3 Ways to Maximize your RESP’s without touching your budget

The RESP (Registered Education Savings Plane) is the most popular investment tool to save for a child’s future post-secondary studies. However, most Canadian parents don’t get to use it at its full capacity. In fact, according to Statistics Canada, the average Canadian parent is missing out on just under 200$ (198.60$) in grants every year. If the RESP was started at the child’s birth, this translates close to 3,400$ (3,376.20$) in unused grants per child. Of course, not every parent can afford to put aside the maximum grantable 2,500$ a year (or 208.33$ a month) per child. If you are one of those parents, this is an article for you! The following are three tips parents can use in order to maximize their RESP’s without having to sacrifice another area of their budget.
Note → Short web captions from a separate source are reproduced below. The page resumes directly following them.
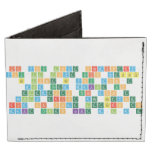 if you love chemistry,
 you'll love this website.
 As long as you don't
 mind them making up
 elements that don't
 Really exist and getting
 rid of some letters to 
 make things like m,l,a,g  Wallet Tyvek® Billfold Wallet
  1. Going to Have Extra Money? Great! Force Yourself to Save! Take a slice of that extra cash and put it into RESPs with pre-authorized debit from your bank.

Although this might seem like the most basic idea, it works. Whether we are expecting a salary increase, a tax return, or a lowered expense (e.g. no more car payments), it is important to take ‘’savings’’ measures before the money is in the checking account, like pre-authorized debit transactions. Thus, if you know the budget is about to increase, anticipate and don’t allow yourself to get used to having that extra money; invest it right away!

  1. It’s For Their Future, Why Don’t The Kids Contribute? Let them use RESPs as a piggy bank that keeps on giving!

Of course kids can’t contribute into RESP’s themselves, nor do most make any money for at least the first 15 years of their lives, without it being allowance. However, it might not be a crazy idea to teach kids about saving at a young age. Surely a 5 year-old won’t be thinking about post-secondary education, but teaching children at a young age to save for that one big toy will start good saving habits for them. This can later translate into them wanting to save for their post-secondary studies when they have their part-time job. In this case, children can give that ‘’savings’’ money to their parents to put it into their RESPs and benefit from the governmental grants. In the end, as children invest in their own education, more grants will be given to them.

  1. Take an RESP Loan and profit from the extra grants!

A loan? This might seem like a scary or crazy idea, but taking an RESP loan can actually allow parents to benefit from more governmental grants, without affecting their budget. It is important to note that an RESP loan is not a conventional loan (personal loan or line of credit), where a credit checks and minimum monthly payments are required. Here is how the RESP loan works:

  • Invest in your RESP
  • When the child is close to get to the age of going to post-secondary school (14-17) take the RESP loan if you have not used all of your grantable contributions (36,000$ for every child’s lifetime)
  • The minimum RESP loan in a single year is of 500$ and the maximum is the greater of the following: the amount contributed up to date, 5,000$ or 5,000$ minus that year’s annual contributions.
  • A variable interest rate is applied on the loan (typical rate is of 4.70% per year).
  • The money of the loan is invested into the RESP and you receive the corresponding grants (minimum 20%).
  • You accumulate interest both on the grants and the money that come from the loan.
  • When the child goes to post-secondary school, the company takes their money back as well as the interest charged. You and your child get your contributions, the grants and the interest made.

In the end, the RESP loan allows you to get more grants at a low cost without both affecting your credit score or your budget. It is important to note that not all companies offer the RESP loan, thus it would be important to check with your financial institution if they do.